Keep your answers short. If you take too much time answering then the circlee’s will not have the chance to follow the threads you open up with your share. Their curiosity may fall flat. We want each question and each step to be small and on the path of curiosity. Long answers take us off the path.

In summary:

  • Answer the question even if it is edgy.
  • Don’t answer if something is too edgy or too vulnerable for you to share.
  • Don’t answer if something isn’t alive for you.
  • Keep your answers short.


Closing the circle should be done in 1-5 minutes after the timer rings (plus the initial 15 minutes that makes a maximum of 20 minutes for the circle). Set a timer for 5 minutes if you must to be sure you honor the time. We don’t want to abruptly end the circle if something is alive or someone is feeling something strong.

On first hearing the bell, allow whoever is speaking to finish. One of the circlers should verbally acknowledge the bell with a statement like, “I heard the bell. So we’ll be wrapping up shortly.”

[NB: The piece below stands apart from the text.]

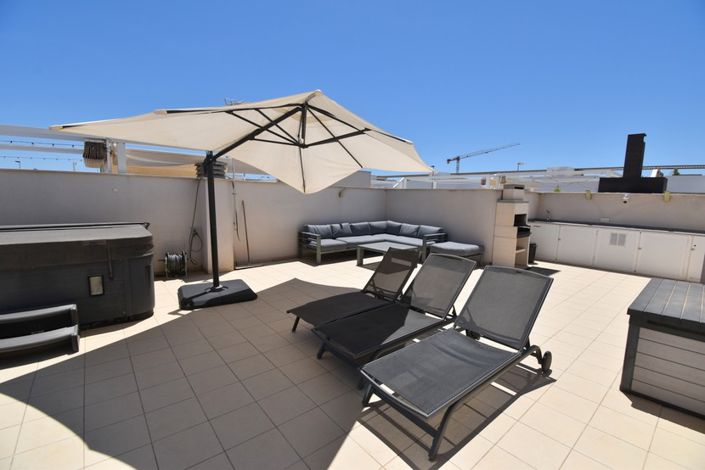 Image No.21-3 Bed Townhouse for sale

Circlers may ask closing questions like “Is there anything more you want to share before we close?”, “Is there anything you need from us?”, or “Would you like some silence / a hug / or a hand to hold?”

If necessary, bookmark things with statements like, “I see this is really alive and we could explore this much more. How about we close here and we can revisit that another circle if its still alive?”

Circling takes energy and focus. The time container helps limit the time we exercise just like when you’re doing physical exercise. You need a break. A break to let the muscles of your mind rest.

In summary:

  • Acknowledge the bell after the current speaker is finished.
  • Ask closing questions.
  • If necessary, bookmark what’s alive for another day.
  • Close on time so you can rest.


This is your opportunity to reflect with each other on what went well and what might be changed. This can be an open conversation about anything you experienced or think.

I suggest you start by answering these two questions:

  • Circlee: what do you wish the circlers asked that they did not ask?
  • Circlers: what moment felt most alive for you?

In the interest of time you may stop there and have another few circles. Though sometimes a longer debrief can be valuable.


This should get you started circling. It is a very simple version of circling designed specifically for beginners. It should be a great way to start the practice.